WHAT IS REQUIRED:
Exact copies of the lines from the one with "Autonomní minibus je" through the last line of the entries, and no pictures, make up the answer.

Records from a collection:
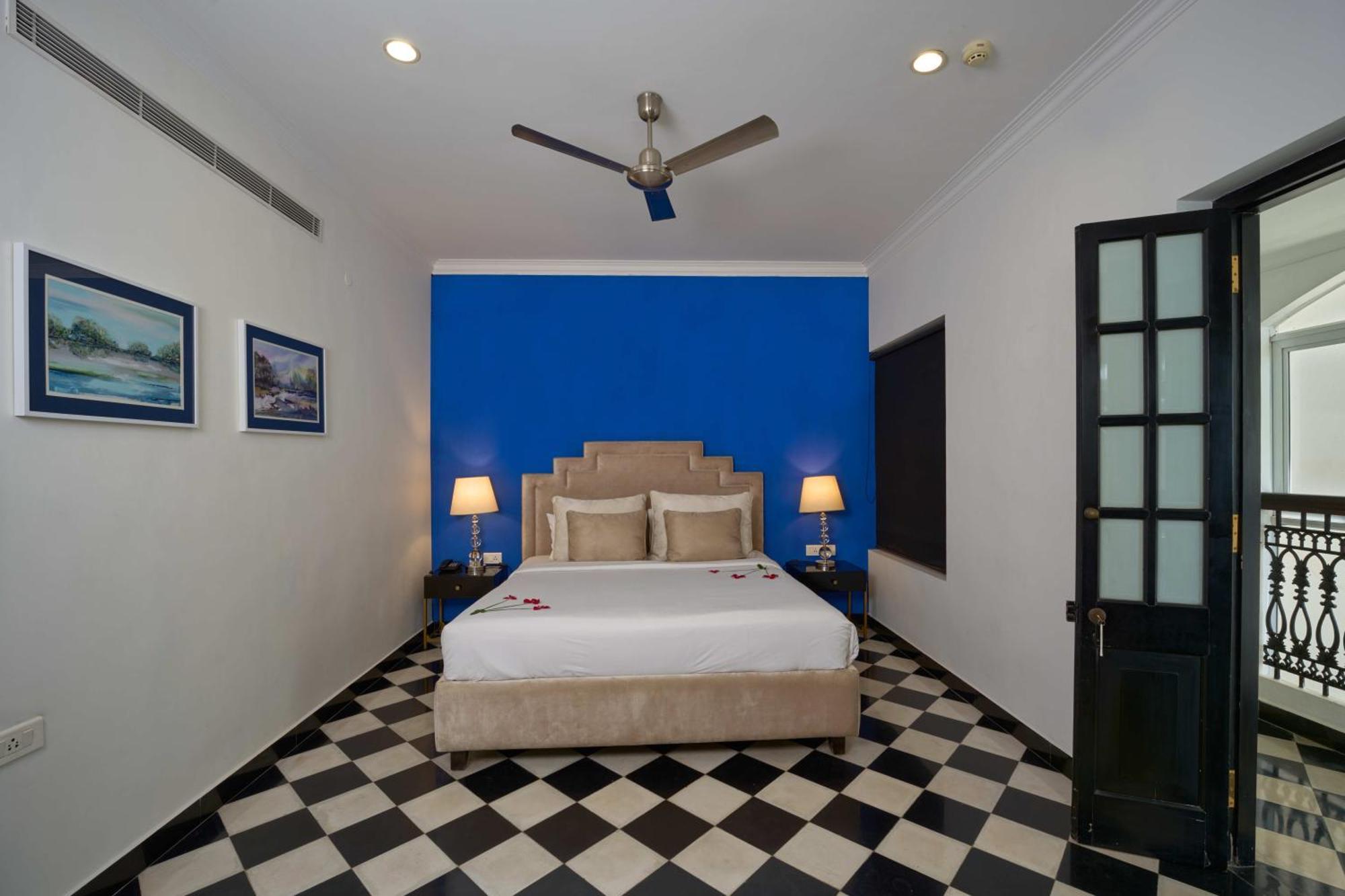 The Old Court House By Abad Hotel Fort Kochi Bagian luar foto
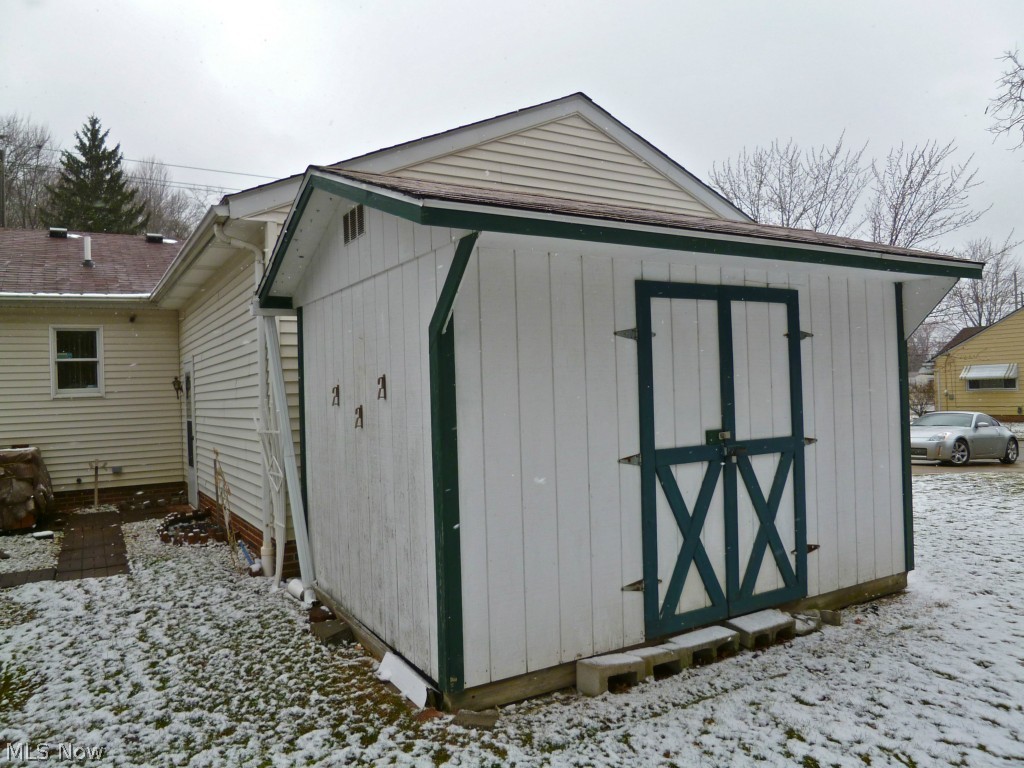 6435 State Road Cleveland, OH 44134 - Photo 21 of 22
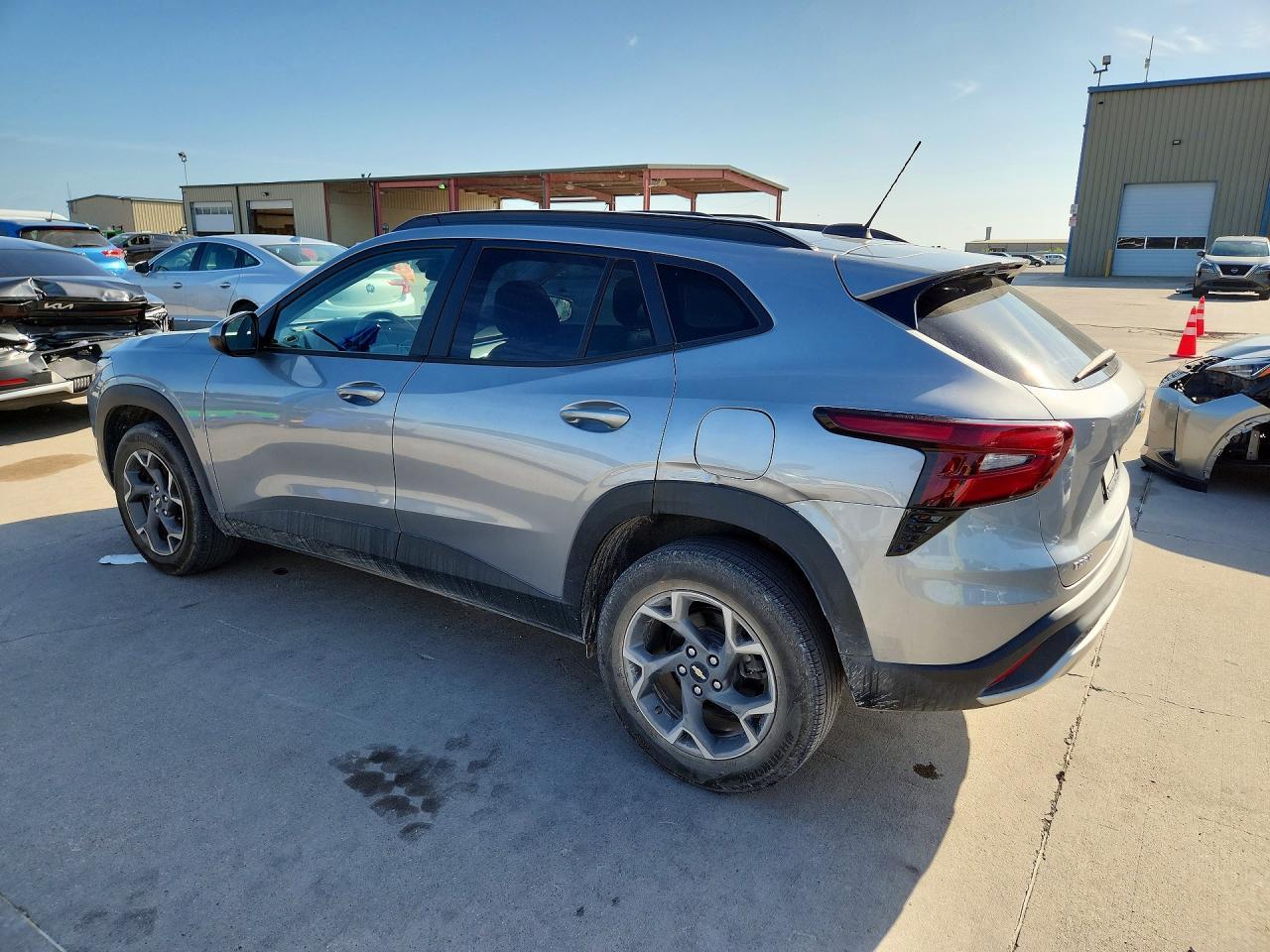 2025 Chevrolet Trax 1Lt - Image 2
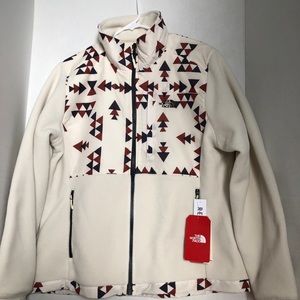 The North Face women’s fleece Denali 2 Jacket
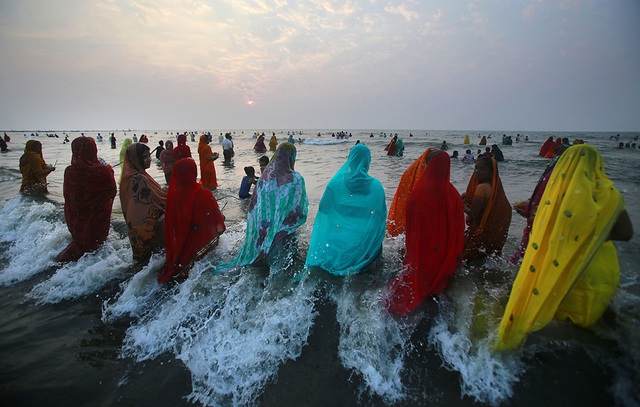 Những người theo đạo Hindu tham gia một nghi trên biển Ả-rập trong lễ hội Chhath Puha ở Mumbai, Ấn Độ.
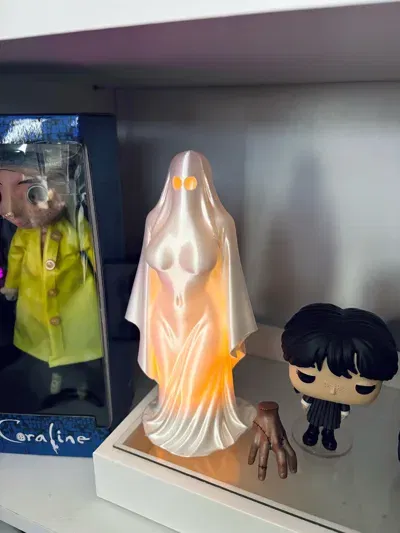 Vẻ Đẹp Ma Mị – Tượng Nữ Hồn Ma - Image 4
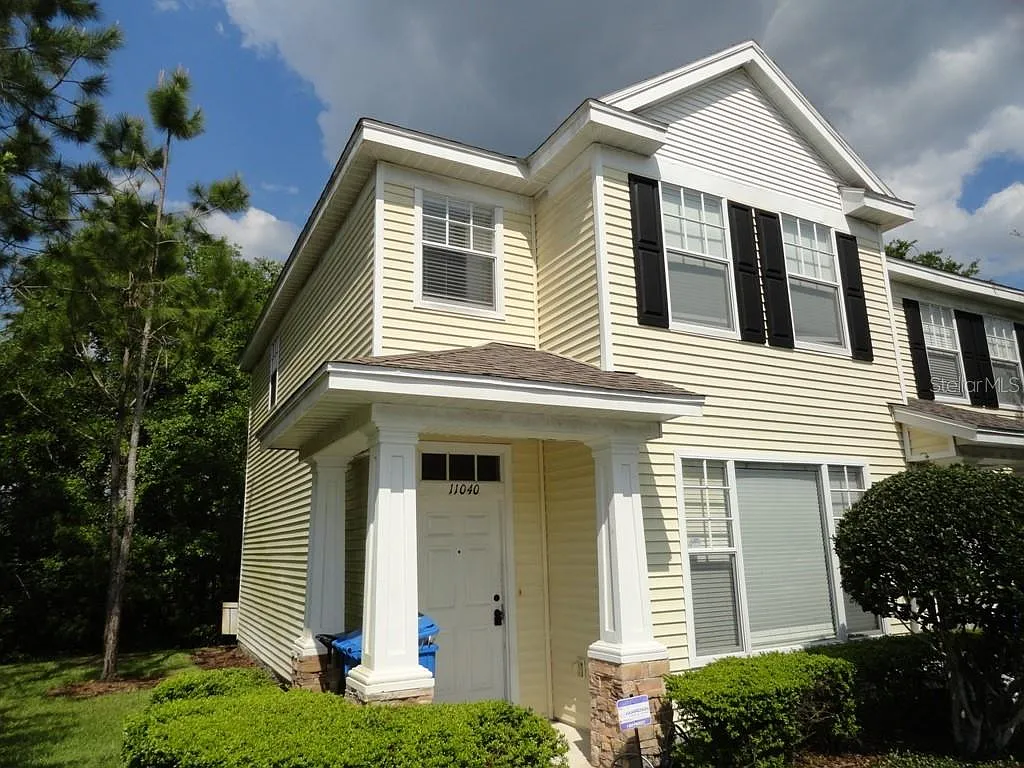 2 bed, 1.5 bath, 1252 sqft, $1,650 — Photo 1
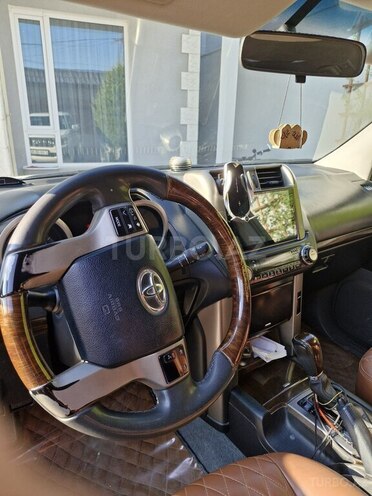 Toyota Land Cruiser Prado 2009, 240,000 km - 2.7 л - Bakı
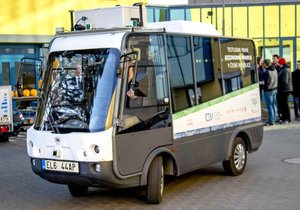 Autonomní minibus je postavený na elektrické platformě Esagono Energia Grifo, kterou dodala společnost Technotrade. Řízení je produktem společnosti Roboauto.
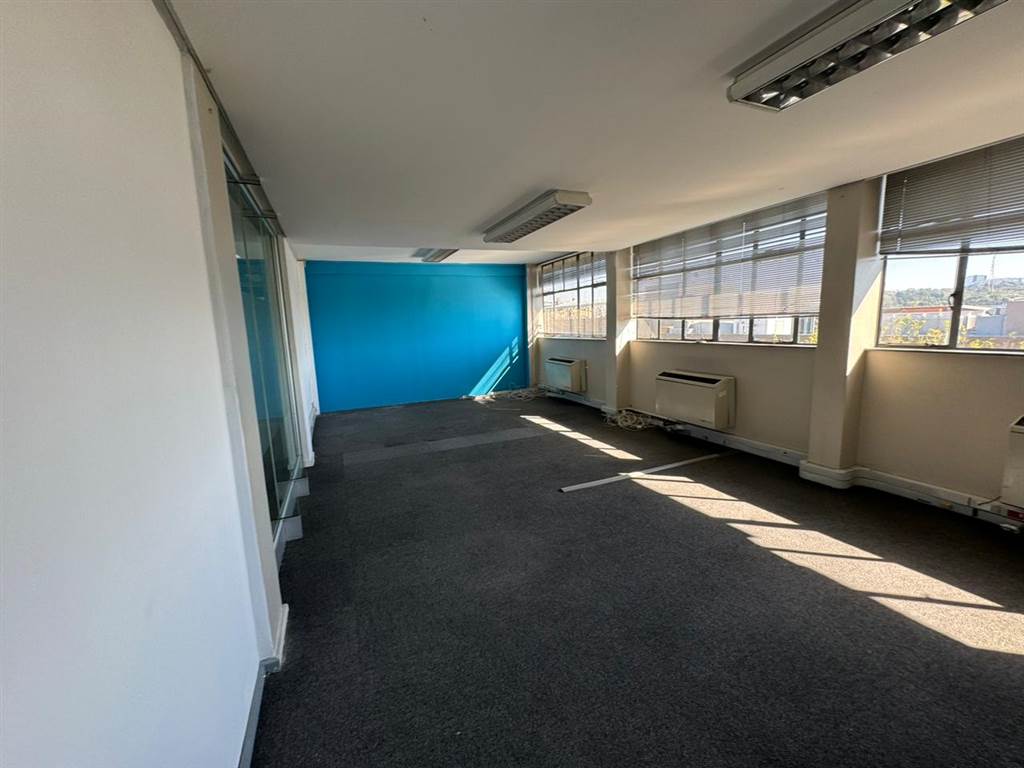 100  m² Commercial space in Wynberg photo number 23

SOLUTION TO THE PROBLEM:
 Autonomní minibus je postavený na elektrické platformě Esagono Energia Grifo, kterou dodala společnost Technotrade. Řízení je produktem společnosti Roboauto.
 100  m² Commercial space in Wynberg photo number 23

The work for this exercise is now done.